I have been working on this for a bit now and I am not sure what to do. Here is the question (also in the title), and then the work I have so far.
Question
Prove that $x^n \rightarrow 0$ uniformly on $[0,b]$ with $0 < b < 1$, but not uniformly on $[0,1)$
My attempt
Proof Let $\epsilon>0.$ To show $f_n(x)=x^n \rightarrow0$ uniformly on $[0,b]$ with $0 \lt b \lt 1$, we need to show $\forall \epsilon \gt 0$, $\exists N\in \Bbb N$ s.t.
$\vert f_n(x)-f(x) \vert \lt \epsilon$ when $n\geq N$ and $x\in [0,b]$.
Note that:
$\vert f_n(x)-f(x) \vert = \vert x^n-0 \vert = \vert x^n \vert \leq \vert b^n \vert $ (since $x\in[0,b])$.

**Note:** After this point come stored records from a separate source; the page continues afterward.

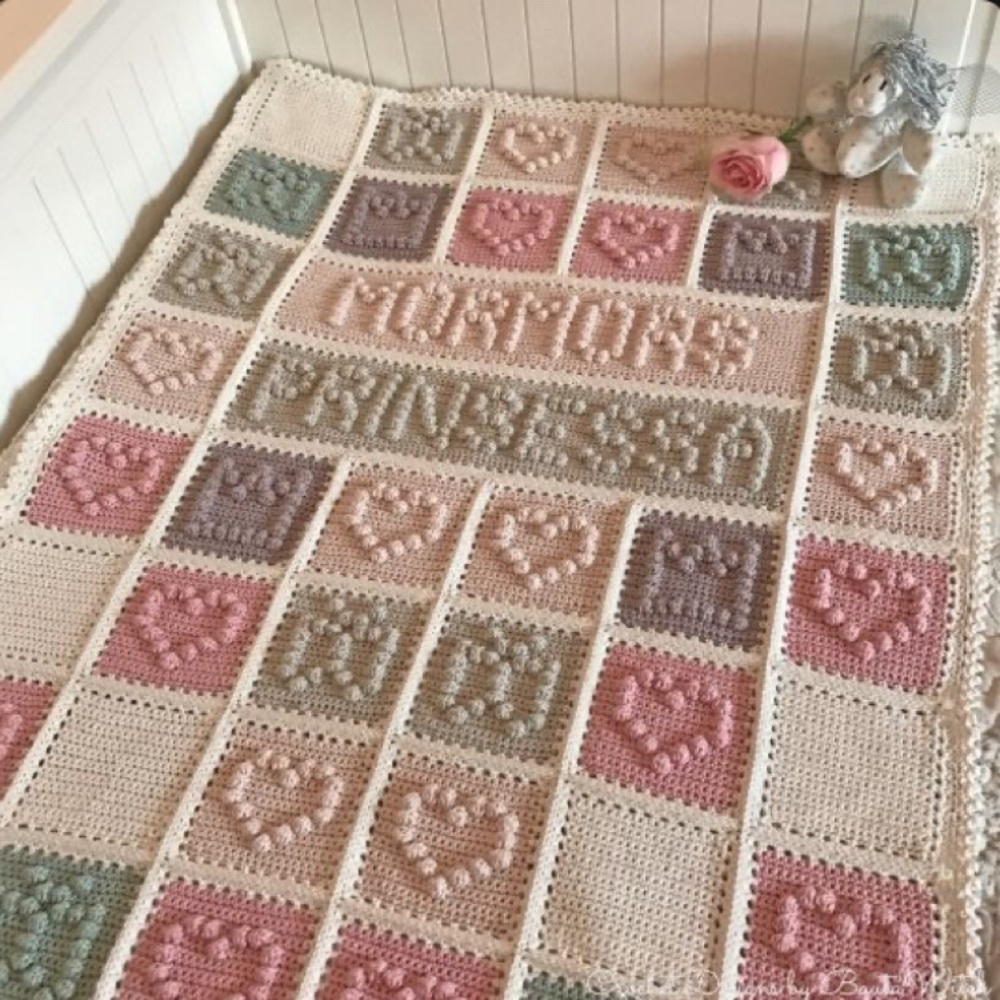 Crochet blanket Knitting Blanket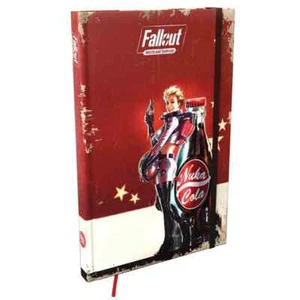 Cuaderno Nuka Cola Fallout: Wasteland Warfare Accesorios Tapa Dura - Imagen 1 de 1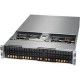 Supermicro A+ Server 2123BT-HNC0R Barebone System - 2U Rack-mountable - AMD - 4 Number of Node(s) - Socket SP3 - 2 x Processor Support - Black - 2 TB DDR4 SDRAM DDR4-2666/PC4-21300 Maximum RAM Support - 12Gb/s SAS - ASPEED AST2500 Integrated - 6 x Total B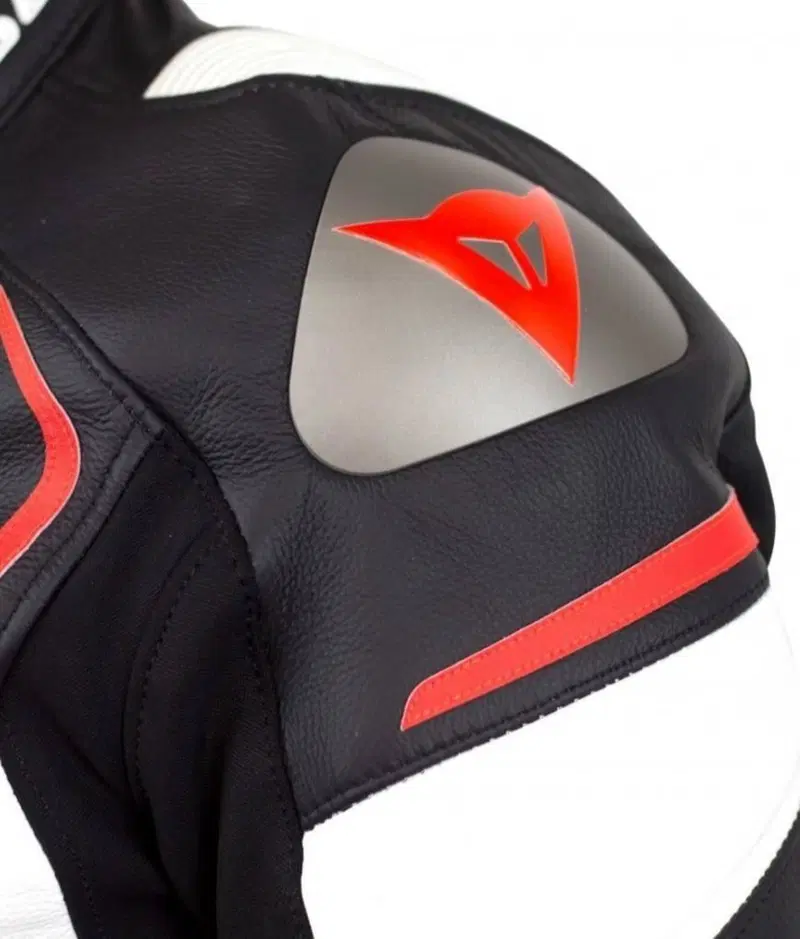 Giacca pelle traforata Dainese Mugello NUOVA!!! (3)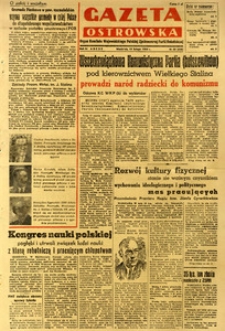 Gazeta Ostrowska 1950.02.19 R.III nr50(416)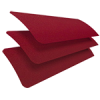 Deep Red Venetian Blind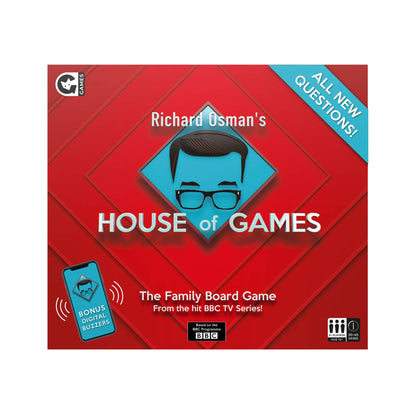 Richard Osman's House of Games BOARD game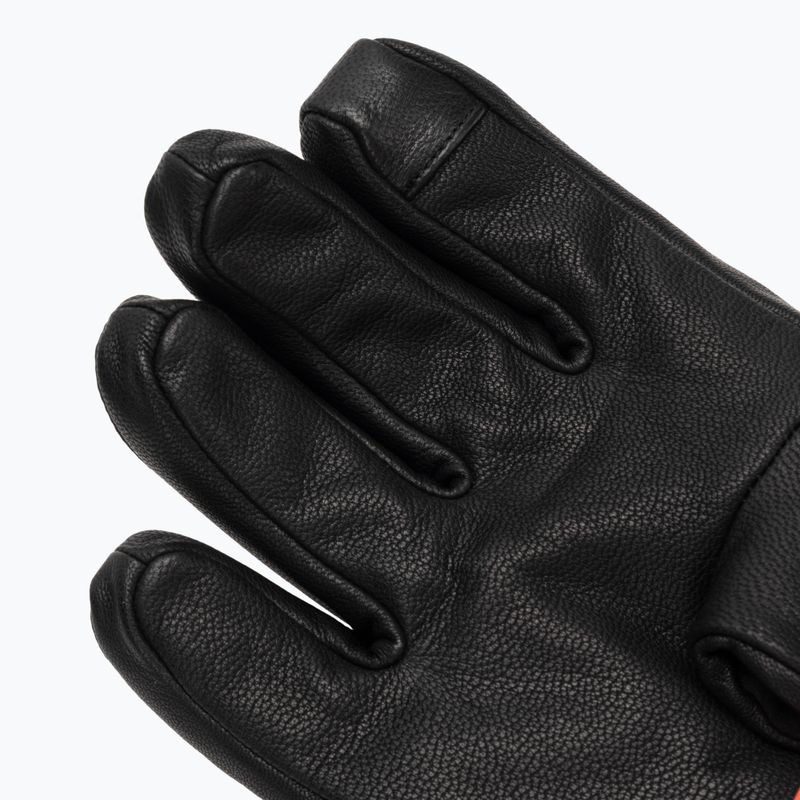 Men's trekking gloves Columbia PowBound zing/black 6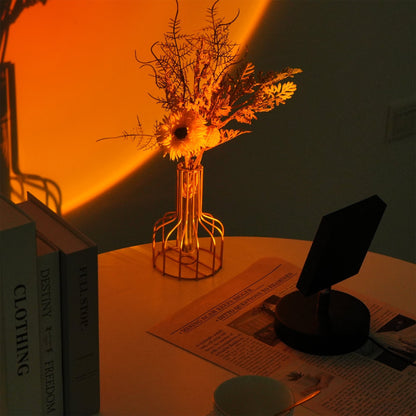 Sunset Projection LED Table Lamp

I have also found that in order for $b^n \lt \epsilon$, we have that
$b^n \lt \epsilon \implies n \ln b \lt \ln \epsilon \implies n \lt \frac{\ln \epsilon}{\ln b}$
but that is it. I am also not sure how to prove that $f_n(x)$ does not converge uniformly on $[0,1)$.
Thank you!
To prove that convergence is not uniform on $[0,1)$, note that
$$\sup_{x \in [0,1)}|f_n(x) - 0| \geqslant f_n(1 - 1/n) = (1- 1/n)^n \underset{n \to \infty}\longrightarrow e^{-1} \neq 0$$